__Required work__
There is one span to output from the data below: the lines starting at the line with "Nice to meet" and ending at the line with "image for item". Output it exactly, ends included, nothing more.

__Items from a dataset__
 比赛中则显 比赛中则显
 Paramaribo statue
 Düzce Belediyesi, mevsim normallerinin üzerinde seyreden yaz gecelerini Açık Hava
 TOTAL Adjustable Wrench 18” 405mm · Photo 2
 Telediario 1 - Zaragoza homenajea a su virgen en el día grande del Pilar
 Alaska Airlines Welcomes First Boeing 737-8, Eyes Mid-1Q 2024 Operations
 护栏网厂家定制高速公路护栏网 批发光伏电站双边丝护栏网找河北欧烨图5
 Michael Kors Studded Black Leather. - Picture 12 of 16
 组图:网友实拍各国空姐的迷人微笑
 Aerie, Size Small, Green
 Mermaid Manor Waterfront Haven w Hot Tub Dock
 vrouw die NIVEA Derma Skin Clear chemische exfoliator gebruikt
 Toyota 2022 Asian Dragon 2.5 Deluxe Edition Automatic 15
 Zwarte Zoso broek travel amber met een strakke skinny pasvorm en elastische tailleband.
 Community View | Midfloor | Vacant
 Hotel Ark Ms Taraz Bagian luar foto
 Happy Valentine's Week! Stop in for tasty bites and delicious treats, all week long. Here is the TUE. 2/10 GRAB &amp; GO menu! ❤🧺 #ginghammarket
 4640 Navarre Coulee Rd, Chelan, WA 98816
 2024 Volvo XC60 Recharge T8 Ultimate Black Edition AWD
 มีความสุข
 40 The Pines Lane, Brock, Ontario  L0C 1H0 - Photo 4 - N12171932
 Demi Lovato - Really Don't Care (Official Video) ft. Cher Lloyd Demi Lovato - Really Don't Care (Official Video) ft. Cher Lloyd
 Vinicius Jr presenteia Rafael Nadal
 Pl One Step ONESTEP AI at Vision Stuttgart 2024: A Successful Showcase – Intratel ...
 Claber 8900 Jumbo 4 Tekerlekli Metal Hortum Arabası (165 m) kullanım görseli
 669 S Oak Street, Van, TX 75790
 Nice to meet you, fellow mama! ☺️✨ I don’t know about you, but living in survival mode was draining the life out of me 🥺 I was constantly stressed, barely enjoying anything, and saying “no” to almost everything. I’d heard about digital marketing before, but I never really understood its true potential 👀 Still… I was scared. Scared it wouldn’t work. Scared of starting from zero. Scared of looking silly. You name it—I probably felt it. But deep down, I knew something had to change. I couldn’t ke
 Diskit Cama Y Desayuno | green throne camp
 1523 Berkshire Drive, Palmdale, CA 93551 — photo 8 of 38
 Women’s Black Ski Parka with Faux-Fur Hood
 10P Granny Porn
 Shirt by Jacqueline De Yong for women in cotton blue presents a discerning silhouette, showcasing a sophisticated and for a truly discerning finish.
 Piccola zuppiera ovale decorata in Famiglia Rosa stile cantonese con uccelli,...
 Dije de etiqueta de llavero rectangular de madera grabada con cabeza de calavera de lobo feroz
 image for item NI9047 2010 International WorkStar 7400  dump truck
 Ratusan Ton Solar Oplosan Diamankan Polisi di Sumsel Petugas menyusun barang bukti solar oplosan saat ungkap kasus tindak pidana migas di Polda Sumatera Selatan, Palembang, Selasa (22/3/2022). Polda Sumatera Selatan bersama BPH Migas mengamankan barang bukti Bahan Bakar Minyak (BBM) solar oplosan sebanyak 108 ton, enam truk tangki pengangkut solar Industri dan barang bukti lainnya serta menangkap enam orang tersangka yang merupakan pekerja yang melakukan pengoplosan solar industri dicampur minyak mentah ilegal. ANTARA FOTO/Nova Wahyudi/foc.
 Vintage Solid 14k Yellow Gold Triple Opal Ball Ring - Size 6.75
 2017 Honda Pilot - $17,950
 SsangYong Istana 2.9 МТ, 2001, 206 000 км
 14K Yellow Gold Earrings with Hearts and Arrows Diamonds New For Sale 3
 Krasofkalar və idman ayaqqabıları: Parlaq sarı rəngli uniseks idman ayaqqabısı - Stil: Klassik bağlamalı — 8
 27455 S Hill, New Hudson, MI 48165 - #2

__Finished exercise__
 Nice to meet you, fellow mama! ☺️✨ I don’t know about you, but living in survival mode was draining the life out of me 🥺 I was constantly stressed, barely enjoying anything, and saying “no” to almost everything. I’d heard about digital marketing before, but I never really understood its true potential 👀 Still… I was scared. Scared it wouldn’t work. Scared of starting from zero. Scared of looking silly. You name it—I probably felt it. But deep down, I knew something had to change. I couldn’t ke
 Diskit Cama Y Desayuno | green throne camp
 1523 Berkshire Drive, Palmdale, CA 93551 — photo 8 of 38
 Women’s Black Ski Parka with Faux-Fur Hood
 10P Granny Porn
 Shirt by Jacqueline De Yong for women in cotton blue presents a discerning silhouette, showcasing a sophisticated and for a truly discerning finish.
 Piccola zuppiera ovale decorata in Famiglia Rosa stile cantonese con uccelli,...
 Dije de etiqueta de llavero rectangular de madera grabada con cabeza de calavera de lobo feroz
 image for item NI9047 2010 International WorkStar 7400  dump truck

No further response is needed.